EDMONTON - Alberta political scientist Keith Brownsey has been reminding students to keep on their toes when they've talked current events lately: "After all, there's a federal election going on in other parts of the country."

This is a province where for years Conservatives have taken their support for granted. In the last election, they easily swept all 28 ridings and most pundits expect a repeat performance Tuesday.

"This (campaign) is more a coronation out here than anything else," said Brownsey, who teaches at Mount Royal College in Calgary.

But what is it about Stephen Harper that plays better in St. Paul, Alta., than in Parry Sound, Ont? His party born out of a marriage of Progressive Conservatives and the rightist Reform/Canadian Alliance has managed only fluctuating approval ratings outside the West.

For starters, Harper lives in Calgary. He's so popular there that he hasn't even gone door-knocking in his own Calgary Southwest riding.

For another, the Reform movement was born in Alberta under Preston Manning, who was pushing for the region to have more federal clout and travelled the country asserting the "West Wants In."

And despite the fact that Harper's Tories bear little resemblance to the Progressive Conservative party of Sir John A. Macdonald and Brian Mulroney, they have inherited Alberta's anti-Liberal loathing that served his predecessors so well.

That disgust grew out of former prime minister Pierre Trudeau's national energy program, which is still much-maligned as a Liberal program that sucked resource dollars out of the province and into Central Canadian pocketbooks. Provincial governments have made hay ever since by portraying Ottawa as a rapacious bogeyman intent on stealing Alberta's petro-dollars.

The province has also been big on Senate reform -- an issue that never caught fire federally -- but something Harper has pushed for, although with almost no success.

So with Harper seen as The Man, the Tory story in Alberta this election has been about fighting complacency. The campaign trail has been studded with stories of candidates door-knocking but ignoring public forums, putting up few signs, opening their offices late or working only on weekends.

On some boulevards in Edmonton, joke signs by radio stations and fringe groups outnumber those of bona fide political aspirants.

Harper himself made only one trip to his home city late last month, and that was to trumpet the fact other leaders were avoiding the province.

"The other parties have clearly written off Alberta and don't mind using Alberta as a whipping boy from time to time, which I think is very unfortunate for our country," he said.

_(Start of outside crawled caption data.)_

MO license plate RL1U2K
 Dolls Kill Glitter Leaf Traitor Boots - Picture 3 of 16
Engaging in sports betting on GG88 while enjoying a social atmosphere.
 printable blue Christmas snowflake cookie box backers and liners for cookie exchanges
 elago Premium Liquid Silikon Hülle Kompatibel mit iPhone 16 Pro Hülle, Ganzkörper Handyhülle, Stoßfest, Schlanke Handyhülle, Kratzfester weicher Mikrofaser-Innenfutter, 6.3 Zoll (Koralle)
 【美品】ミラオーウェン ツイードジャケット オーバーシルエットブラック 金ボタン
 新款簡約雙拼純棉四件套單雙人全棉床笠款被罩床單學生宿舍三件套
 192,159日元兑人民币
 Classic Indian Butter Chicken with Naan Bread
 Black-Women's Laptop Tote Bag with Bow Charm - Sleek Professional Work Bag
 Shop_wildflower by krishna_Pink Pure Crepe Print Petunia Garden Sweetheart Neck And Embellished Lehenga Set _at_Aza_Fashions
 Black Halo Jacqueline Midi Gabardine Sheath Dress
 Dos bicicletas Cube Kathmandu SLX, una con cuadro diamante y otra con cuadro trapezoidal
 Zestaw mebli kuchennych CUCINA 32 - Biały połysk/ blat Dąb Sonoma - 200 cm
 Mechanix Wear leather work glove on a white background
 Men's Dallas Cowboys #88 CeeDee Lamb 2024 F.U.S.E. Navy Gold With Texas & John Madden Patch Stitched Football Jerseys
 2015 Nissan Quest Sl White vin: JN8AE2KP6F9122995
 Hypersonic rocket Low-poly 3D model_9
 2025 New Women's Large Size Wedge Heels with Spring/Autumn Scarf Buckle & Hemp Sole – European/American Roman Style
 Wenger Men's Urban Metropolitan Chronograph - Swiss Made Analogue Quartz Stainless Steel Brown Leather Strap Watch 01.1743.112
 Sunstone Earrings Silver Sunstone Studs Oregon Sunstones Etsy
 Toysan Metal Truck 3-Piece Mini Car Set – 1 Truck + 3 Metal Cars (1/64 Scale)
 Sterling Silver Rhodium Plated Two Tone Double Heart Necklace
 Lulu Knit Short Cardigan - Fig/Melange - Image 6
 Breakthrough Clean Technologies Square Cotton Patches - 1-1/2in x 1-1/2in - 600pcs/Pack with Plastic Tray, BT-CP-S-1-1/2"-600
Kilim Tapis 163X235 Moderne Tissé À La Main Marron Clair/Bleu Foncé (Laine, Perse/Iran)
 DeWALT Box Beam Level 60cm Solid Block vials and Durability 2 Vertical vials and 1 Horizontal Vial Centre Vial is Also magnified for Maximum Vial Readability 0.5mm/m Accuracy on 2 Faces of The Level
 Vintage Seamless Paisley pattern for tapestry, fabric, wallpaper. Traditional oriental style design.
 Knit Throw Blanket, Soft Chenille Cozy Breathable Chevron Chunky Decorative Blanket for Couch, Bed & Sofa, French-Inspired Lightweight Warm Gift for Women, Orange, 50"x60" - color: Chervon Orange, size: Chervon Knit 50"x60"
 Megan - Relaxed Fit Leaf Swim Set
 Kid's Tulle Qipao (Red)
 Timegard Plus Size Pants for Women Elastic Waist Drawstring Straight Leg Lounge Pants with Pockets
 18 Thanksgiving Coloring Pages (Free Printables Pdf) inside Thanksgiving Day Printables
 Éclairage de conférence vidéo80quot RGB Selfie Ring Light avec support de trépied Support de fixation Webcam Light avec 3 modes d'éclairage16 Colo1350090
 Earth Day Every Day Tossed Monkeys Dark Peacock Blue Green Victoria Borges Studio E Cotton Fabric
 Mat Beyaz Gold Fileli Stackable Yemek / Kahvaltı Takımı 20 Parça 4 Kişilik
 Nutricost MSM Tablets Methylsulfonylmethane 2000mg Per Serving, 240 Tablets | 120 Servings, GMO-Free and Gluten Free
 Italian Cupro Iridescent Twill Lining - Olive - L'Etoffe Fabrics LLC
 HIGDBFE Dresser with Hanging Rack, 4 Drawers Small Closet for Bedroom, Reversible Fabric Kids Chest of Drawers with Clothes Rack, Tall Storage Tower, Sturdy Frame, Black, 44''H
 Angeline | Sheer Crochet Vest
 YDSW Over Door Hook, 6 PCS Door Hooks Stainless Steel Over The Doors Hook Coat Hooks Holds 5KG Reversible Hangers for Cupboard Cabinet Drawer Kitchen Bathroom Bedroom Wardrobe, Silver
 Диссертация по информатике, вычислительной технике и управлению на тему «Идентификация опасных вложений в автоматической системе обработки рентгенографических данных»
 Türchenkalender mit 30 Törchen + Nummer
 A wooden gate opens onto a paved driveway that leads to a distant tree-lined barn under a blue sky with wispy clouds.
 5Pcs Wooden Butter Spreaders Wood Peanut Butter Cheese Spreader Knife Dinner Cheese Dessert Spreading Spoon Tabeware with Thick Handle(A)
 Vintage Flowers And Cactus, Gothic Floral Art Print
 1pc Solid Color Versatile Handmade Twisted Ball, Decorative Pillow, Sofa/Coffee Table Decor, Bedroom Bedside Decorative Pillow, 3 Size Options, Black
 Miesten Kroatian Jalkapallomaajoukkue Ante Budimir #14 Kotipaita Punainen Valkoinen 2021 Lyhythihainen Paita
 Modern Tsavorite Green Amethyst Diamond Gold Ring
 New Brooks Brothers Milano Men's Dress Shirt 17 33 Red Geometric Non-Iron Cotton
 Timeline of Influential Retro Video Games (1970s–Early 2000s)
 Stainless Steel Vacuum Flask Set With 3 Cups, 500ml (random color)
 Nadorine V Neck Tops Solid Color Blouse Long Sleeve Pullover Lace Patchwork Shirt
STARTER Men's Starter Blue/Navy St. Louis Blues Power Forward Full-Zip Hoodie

"This is and remains the only party that has any connection with Alberta, that shares any of the concerns of ordinary Alberta voters."

But despite what is an almost certain slam-dunk, there are murmurs of discontent in old Reform ranks.

Some stalwarts who helped Manning launch the conservative alternative movement in the late 1980s have voiced displeasure with Harper for straying from the ideological fold.

"The old Tories (of Joe Clark and Brian Mulroney) had this more-or-less collectivist view of the country, whereas Harper is committed to radical individualism with free-market ideology," said Brownsey.

That kind of laissez-faire thinking has caused him problems with blue-collar workers struggling with a deflated manufacturing industry in Central Canada.

"That's why he's had such a difficult time in the last two weeks with the credit crunch and the market crash."

That hasn't been as big a deal in Alberta where, until recently at least, a roaring oil-based economy has insulated the province.

But Hans Zurcher, a Reformer from Day 1, says to criticize Harper is be naive to realpolitik.

"He has to move a bit towards the centre as it's the first job of a politician to get elected. He has to make everybody happy," the 66-year-old businessman said from his home in Edmonton.

"The main concern is to get crime under control and get finances under control."

Doreen Barrie, a political scientist at the University of Calgary, said Harper hasn't strayed as far from his Reform roots as people think.

"He wasn't a populist and never really supported the idea of citizen initiatives and referenda," she said.

"Manning, too, kept very tight control over the party. So in that sense Stephen Harper is following in Manning's footsteps."

Barrie said the Tory juggernaut and monolithic provincial voting patterns are deceiving under the broad-brush, first-past-the-post electoral system.

In 2006, she noted, about a third of those who cast ballots didn't vote Conservative. "But until we get a different electoral system, that will remain irrelevant."